#### What to work on
Without changing a word, copy every line of the listing below and leave out the images.

#### Input data
━━━━━━━━

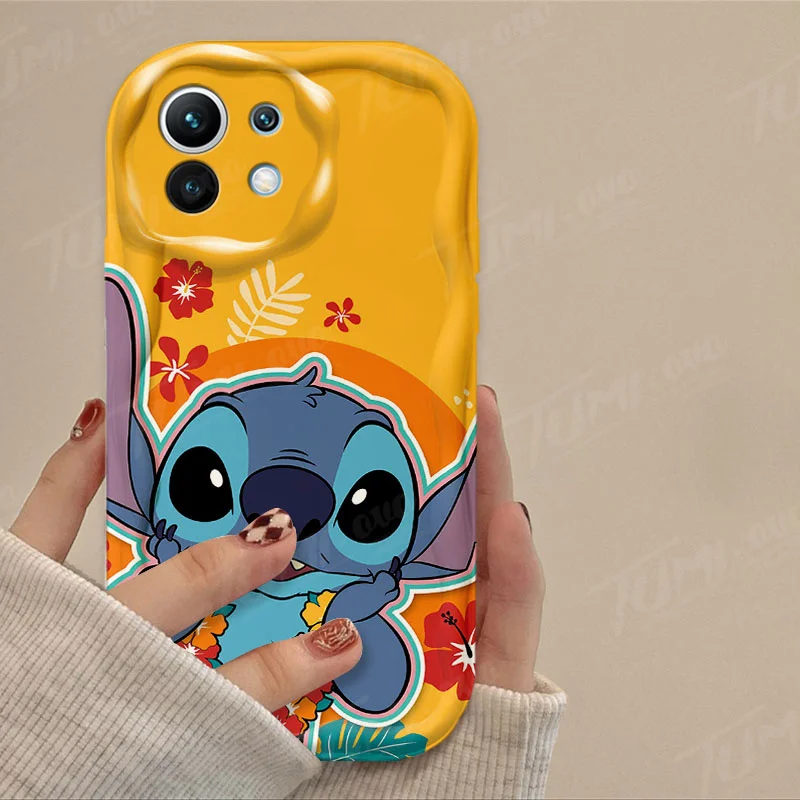 thumbnail image 1 of Funda de dibujos animados Disney Stitch Wave para Xiaomi Mi 13T Pro 12T 11 Lite 5G NE 11i 12 13 10T 10i POCO X3 Pro NFC X4 GT X6 X5 F3 F4 F5, 1 of 5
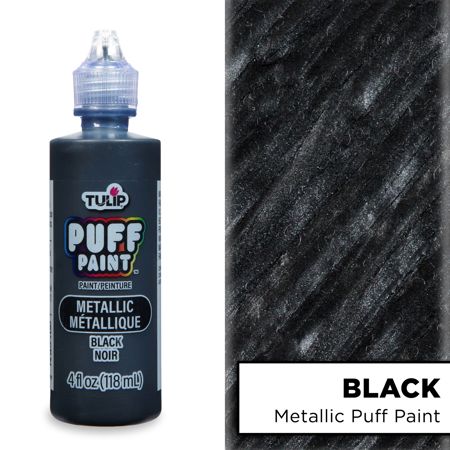 Picture of 17373 Tulip Dimensional Fabric Paint Metallics Black 4 oz.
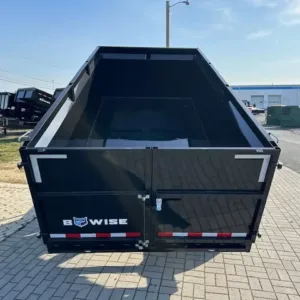 BWise 7 x 14 High Side Dump Trailer Barn Doors, high 7x14 dump trailer for sale at AnchorBox (view 5)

━━━━━━━━

#### Result
 thumbnail image 1 of Funda de dibujos animados Disney Stitch Wave para Xiaomi Mi 13T Pro 12T 11 Lite 5G NE 11i 12 13 10T 10i POCO X3 Pro NFC X4 GT X6 X5 F3 F4 F5, 1 of 5
 Picture of 17373 Tulip Dimensional Fabric Paint Metallics Black 4 oz.
 BWise 7 x 14 High Side Dump Trailer Barn Doors, high 7x14 dump trailer for sale at AnchorBox (view 5)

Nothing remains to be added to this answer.